● **Input data**:
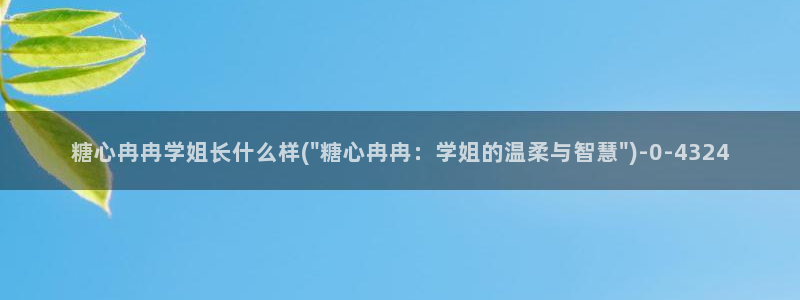 心糖vlog在线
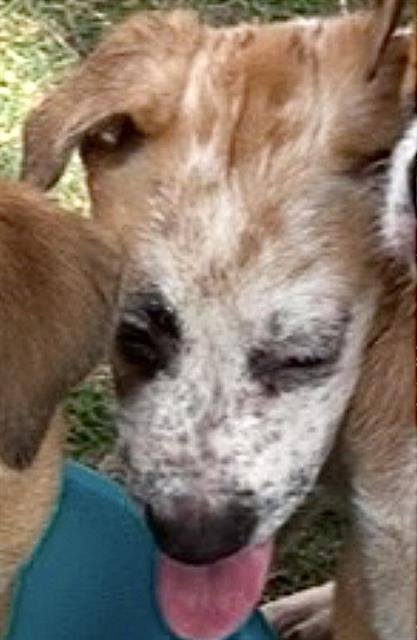 A661509 - Australian Cattle Dog/Blue Heeler available for adoption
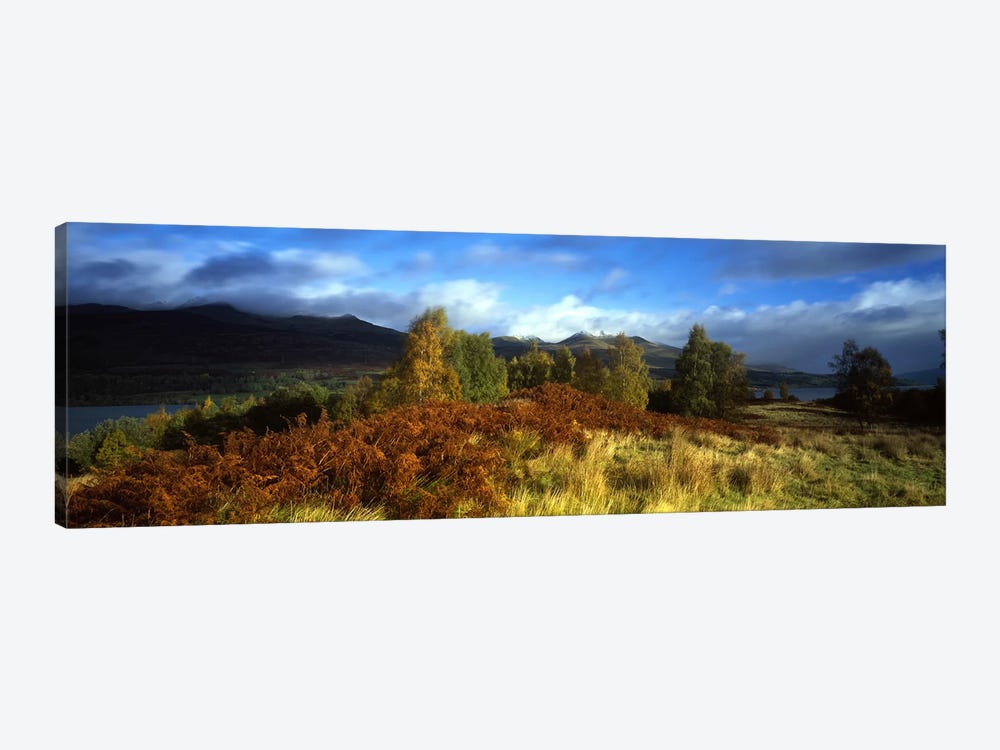 Peaceful Autumn Landscape, Near Loch Tay, Highlands, Scotland, United Kingdom by Panoramic Images 1-piece Canvas Artwork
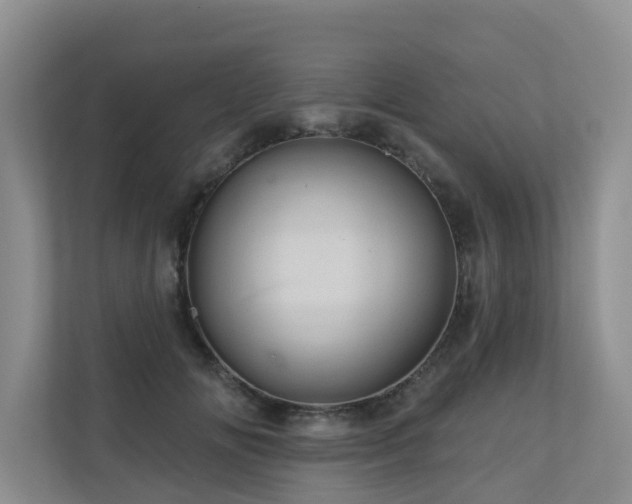 X0000110680702200906121206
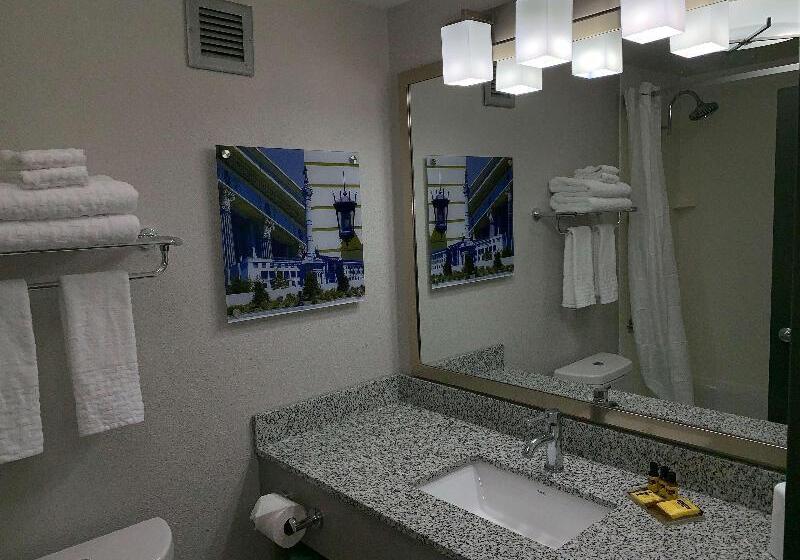 Люкс Адаптированный для Инвалидов, Best Western Plus Clarks Summit Scranton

● **Work instructions**: Could you reproduce exactly the lines from the one containing "A661509 - Australian" through the last line of the records, both included, leaving out the pictures?

● **Written answer**:
 A661509 - Australian Cattle Dog/Blue Heeler available for adoption
 Peaceful Autumn Landscape, Near Loch Tay, Highlands, Scotland, United Kingdom by Panoramic Images 1-piece Canvas Artwork
 X0000110680702200906121206
 Люкс Адаптированный для Инвалидов, Best Western Plus Clarks Summit Scranton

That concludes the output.